Bookmark and Share

Notice: On April 23, 2014, Statalist moved from an email list to a forum, based at

[Date Prev][Date Next][Thread Prev][Thread Next][Date Index][Thread Index]

Re: st: sign test output

From   Dirk Enzmann <>
Subject   Re: st: sign test output
Date   Fri, 18 Jan 2013 22:48:56 +0100

In this context, the following working paper by Mantalos might be interesting:

It should be possible to implement his JBCV(k1,k2) procedure in Stata and it would be interesting to see the results of including this test in the simulation.
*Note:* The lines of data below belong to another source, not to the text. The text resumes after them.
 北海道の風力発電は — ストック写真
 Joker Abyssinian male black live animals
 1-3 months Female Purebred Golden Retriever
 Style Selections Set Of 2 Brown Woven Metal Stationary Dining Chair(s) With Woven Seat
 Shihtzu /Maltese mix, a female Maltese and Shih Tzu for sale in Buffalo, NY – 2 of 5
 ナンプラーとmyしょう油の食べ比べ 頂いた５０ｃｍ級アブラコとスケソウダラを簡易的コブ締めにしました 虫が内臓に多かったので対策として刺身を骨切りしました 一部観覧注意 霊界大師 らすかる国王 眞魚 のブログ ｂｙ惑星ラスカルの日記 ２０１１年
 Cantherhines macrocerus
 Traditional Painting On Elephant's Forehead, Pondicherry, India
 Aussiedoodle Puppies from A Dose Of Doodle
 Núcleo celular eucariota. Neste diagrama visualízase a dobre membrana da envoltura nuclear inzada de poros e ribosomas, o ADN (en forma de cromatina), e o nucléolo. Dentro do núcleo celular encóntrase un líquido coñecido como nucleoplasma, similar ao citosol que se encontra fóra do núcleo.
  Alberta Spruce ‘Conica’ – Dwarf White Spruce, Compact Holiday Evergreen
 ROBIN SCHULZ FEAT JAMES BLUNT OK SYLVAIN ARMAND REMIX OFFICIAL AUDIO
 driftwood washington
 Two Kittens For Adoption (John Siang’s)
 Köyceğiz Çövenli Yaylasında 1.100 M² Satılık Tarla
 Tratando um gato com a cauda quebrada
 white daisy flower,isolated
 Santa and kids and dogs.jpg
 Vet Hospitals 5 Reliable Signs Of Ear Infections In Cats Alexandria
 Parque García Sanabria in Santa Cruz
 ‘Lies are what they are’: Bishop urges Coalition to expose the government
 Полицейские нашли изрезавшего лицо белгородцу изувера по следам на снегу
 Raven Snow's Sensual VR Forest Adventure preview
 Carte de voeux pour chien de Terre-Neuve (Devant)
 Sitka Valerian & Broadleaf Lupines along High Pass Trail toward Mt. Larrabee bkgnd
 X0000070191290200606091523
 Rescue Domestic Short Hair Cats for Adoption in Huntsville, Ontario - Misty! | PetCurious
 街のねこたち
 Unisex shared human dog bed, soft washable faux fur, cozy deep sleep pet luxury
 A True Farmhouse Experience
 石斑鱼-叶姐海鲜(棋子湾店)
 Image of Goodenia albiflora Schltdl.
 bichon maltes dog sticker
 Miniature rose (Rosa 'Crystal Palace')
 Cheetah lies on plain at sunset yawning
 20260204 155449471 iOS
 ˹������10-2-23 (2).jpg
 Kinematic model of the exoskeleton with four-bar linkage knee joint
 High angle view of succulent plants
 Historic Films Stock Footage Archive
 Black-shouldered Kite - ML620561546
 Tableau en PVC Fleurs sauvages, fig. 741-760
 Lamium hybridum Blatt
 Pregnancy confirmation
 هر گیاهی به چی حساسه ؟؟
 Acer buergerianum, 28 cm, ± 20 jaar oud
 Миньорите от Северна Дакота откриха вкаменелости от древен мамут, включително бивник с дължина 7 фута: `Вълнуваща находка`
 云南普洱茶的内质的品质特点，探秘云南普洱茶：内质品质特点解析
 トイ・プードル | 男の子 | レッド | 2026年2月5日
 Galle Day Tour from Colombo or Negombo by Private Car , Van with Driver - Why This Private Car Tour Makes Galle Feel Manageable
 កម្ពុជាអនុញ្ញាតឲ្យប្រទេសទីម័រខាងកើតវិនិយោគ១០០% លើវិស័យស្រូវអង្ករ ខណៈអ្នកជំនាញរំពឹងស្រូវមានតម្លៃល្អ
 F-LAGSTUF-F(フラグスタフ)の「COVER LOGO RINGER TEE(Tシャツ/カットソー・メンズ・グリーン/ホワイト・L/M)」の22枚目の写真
Date: Thu, 17 Jan 2013 13:14:39 +0100
From: Maarten Buis<>
Subject: Re: st: sign test output

On Thu, Jan 17, 2013 at 11:21 AM, Nahla Betelmal wrote:
>  from my readings in statistics , I know that in order to decide
>  whether to use parametric or non-parametric tests, the data normality
>  distribution should be checked first.
>    Shapiro-Wilk is used to test normality, when the number of
>  observations is less than 30. Otherwise, we should use
>  Kolmogorov-Smirnov for large sample (as in my sample).
Unfortunately that is incorrect. Normality tests need huge samples
before the p-value means what it is supposed to mean. An analogy I
have heard in a different context, but which applies to this situation
very well is: to go out to sea in a row boat to check whether the sea
is safe for the QE II. Using a normality test with only 346
observations is not a good idea.

Nick and I discussed the issue of the performance of tests for
Gaussianity recently on Statalist:

The bottom line was: you need at least somewhere between 10,000 and a
100,000 observations before the tests we discussed (Jarque-Bera and
Doornik-Hansen) perform somewhat acceptably, but in such large
datasets you need to worry whether deviations from Gaussianity that
are statistically significant are also substantively significant.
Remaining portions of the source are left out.